Perguntei-me sempre se seria do solo ou se o limoeiro, sábio à sua maneira, sentiria que para azeda basta a vida e que um limão era suficiente.
Fosse porque fosse, ali continuava ele, teimoso, a dar o seu fruto anual, como se assim justificasse as regas, os cuidados e o pedaço de chão ocupado.
E estava eu prestes a cortá-lo quando uma vizinha me disse que o segredo era simples: bater-lhe. Isso mesmo. Segundo ela, os limoeiros gostam de ser postos na ordem.
– Dê-lhe com um pau. Mas com força. Olhe, aproveite quando estiver marafada com alguma coisa. Uma pessoa alivia e eles aprendem.
A princípio, não sei se por não acreditar no remédio milagroso ou por pena da pobre árvore, ignorei a sugestão. Mas um limão? Um único? É muita falta de consideração. Não há como não levar a peito tamanha desfeita. E, vai de lá, num dia menos bom, mais por impulso do que por convicção, acabei por seguir o conselho. Primeiro, umas pancadinhas hesitantes, mas depois…
Tomei-lhe o gosto e, nos últimos meses, não há crise de mau feitio que não acalme com umas boas pauladas. Se foi por isso ou não, não sei, mas este ano parece outro. Enlouqueceu. Tem mais limões do que folhas. Frutos enormes, brilhantes, amarelos e perfumados. Nunca tinha dado para mais do que um mísero chá; agora, são às dezenas – centenas, talvez. Não falta cá por casa limonada, lemon curd, limoncello, bolos, tartes e tortas de limão, mousses e gelados, tudo polvilhado com umas raspas, claro está…

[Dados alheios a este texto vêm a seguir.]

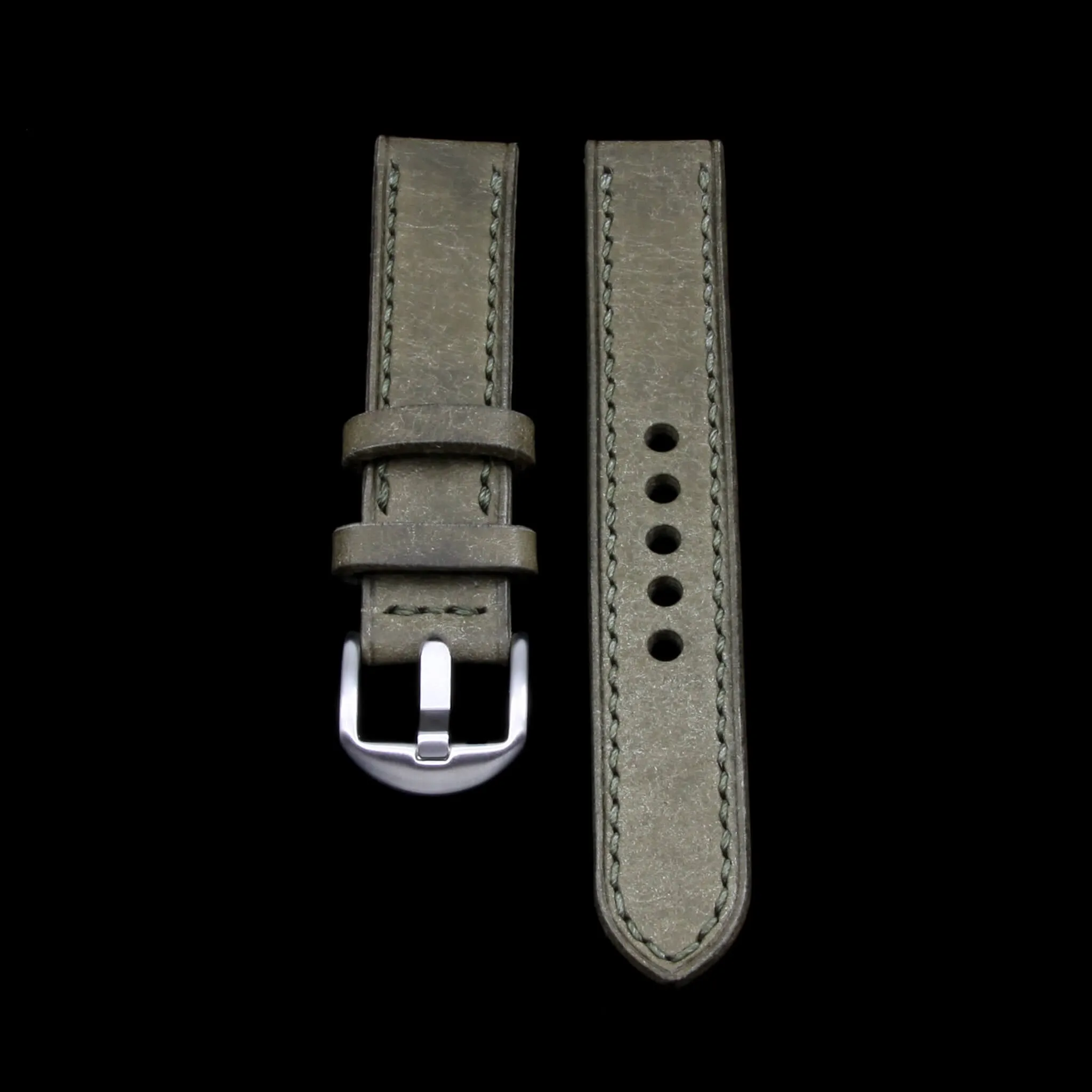 Leather Watch Strap, Rustic Olive | Full Stitch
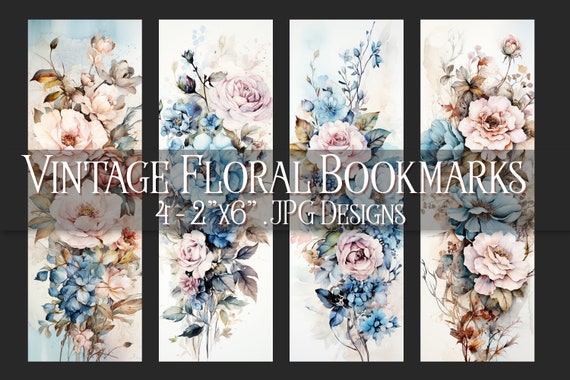 Vintage Floral Printable Bookmark, Floral Bookmark, Flower Bookmark, Printable Bookmark, JPG Bookmark, Sublimation, Print Your Own Bookmark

Diz o povo que não há fome que não dê em fartura, que quanto mais me bates mais gosto de ti, que quando a esmola é muita o santo desconfia… E eu fico a olhar para esta abundância e pergunto-me: será esta uma forma de demonstrar obediência? Um gesto tardio de afeto? Um desabafo vegetal? Um ataque cítrico em resposta às tareias? Haverá algum mecanismo de defesa arborícola que transforme trauma em vitamina C? Ou terá a humanidade andado a subaproveitar uma técnica agrícola de enorme eficácia e baixo custo?
Ah, se ao menos eu fizesse parte da brigada da gratidão… agradeceria mais e questionaria menos.